Vedremo presto se queste aspettative andranno deluse o no. Ma intanto queste sono frasi che svelano, non volendolo fare, un pezzo della vita ’di dentro’ del Pd. C’era, fin qui, un codice di comportamento, un patto non scritto ma inviolabile: anche nella più fitta sassaiola sulle riforme istituzionali nessuno osava appellarsi al Colle, arbitro sì, ma innominabile, del primo vaglio di costituzionalità delle leggi. Non l’ha fatto nessuno dei tanti emendatori dem, si è ben guardato dal farlo il senatore Miguel Gotor, protagonista dell’ultima battaglia contro l’Italicum. Non è un caso che invece i renziani più accorti, come Giorgio Tonini, nel fare gli auguri di buon lavoro al nuovo arbitro e garante della Carta, aggiungono la clausola «sulla scia di Napolitano».
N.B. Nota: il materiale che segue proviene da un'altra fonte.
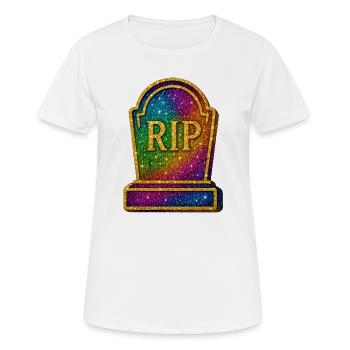 Galactic RIP Pierres tombales paillettes - T-shirt respirant Femme - blanc - Devant - AI Model Female 172 dark (172cm)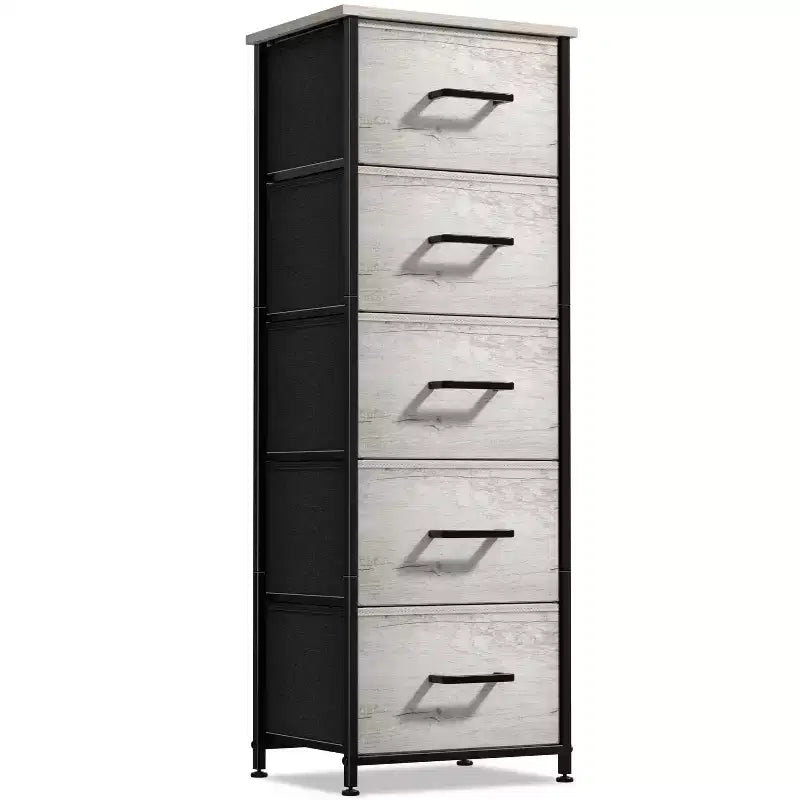 Narrow 5-Drawer Nightstand with Steel Frame & Wood Top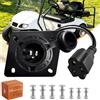 RIZINKART Adattatore impermeabile per porta di ricarica per batteria al litio EZGO | 120 V AC Plug Charger Port Cover Adattatore piastra metallica per piombo acido al litio, porta di ricarica a bordo
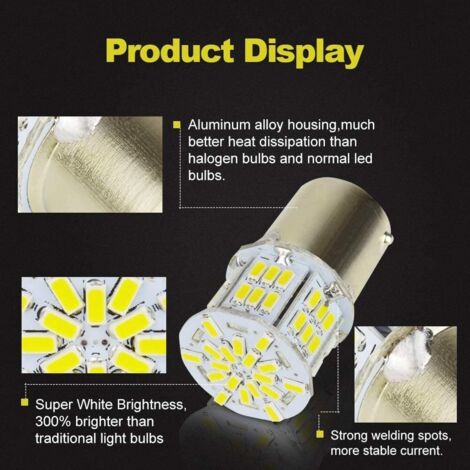 Defvnsy P21W 1156 BA15S Ampoules LED, Super Brillant Chaud Ampoule 12-24V Pas de Polarité 1141 Defvnsy P21W 1156 BA15S Ampoules LED, Super Brillant Chaud Ampoule 12-24V Pas de Polarité 1141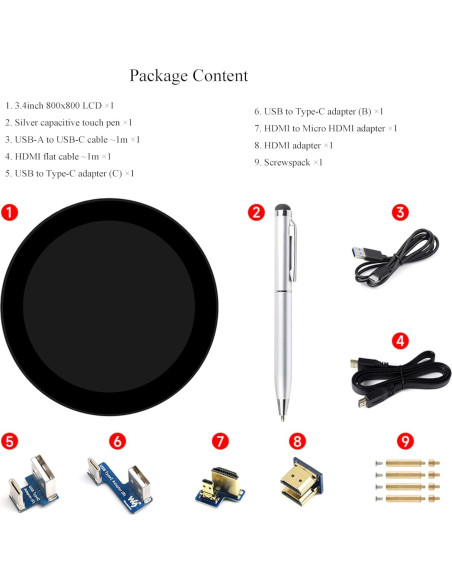 Pantalla Táctil Redonda UeeKKoo 3.4" HDMI 800x800 IPS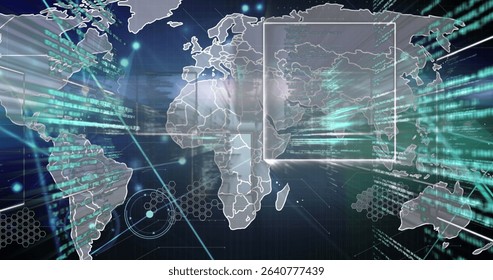 Displaying world map outline floating on blue grid backdrop, with cascading code and info window. Technology, cyberspace, visualization, futuristic, data, analytics, interface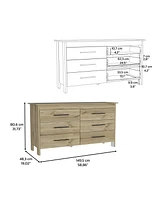 Paris 6 Drawer Double Dresser, Four Legs, Superior Top, White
Nessuno lo dice apertamente (solo Corradino Mineo definisce Napolitano «uno stalinista senza lotta di classe, ovvero uno statalista») ma con l’elezione di Mattarella si slatentizza un pensiero inconfessabile nella minoranza Pd: che Mattarella sarà un alleato per dissuadere Renzi non dal completare il processo delle riforme, ovviamente, ma dalle «sciocchezze istituzionali» che contengono. L’alleato che Napolitano, con le sue ripetute esternazioni contro i dissensi derubricati al rango di «atteggiamenti frenanti», non è stato. Ma questo fin qui non si poteva dire: nel novennato scorso – dai tempi in cui Napolitano era una ancora di salvezza contro le peripezie legislative del governo Berlusconi, a quelli in cui il Colle ha indicato la strada delle larghe intese con Monti anziché quella del voto, al «mandato congelato» di Pierluigi Bersani fino ai nostri giorni – Napolitano era per il Pd un papa infallibile e insindacabile, del quale «nihil nisi bonum».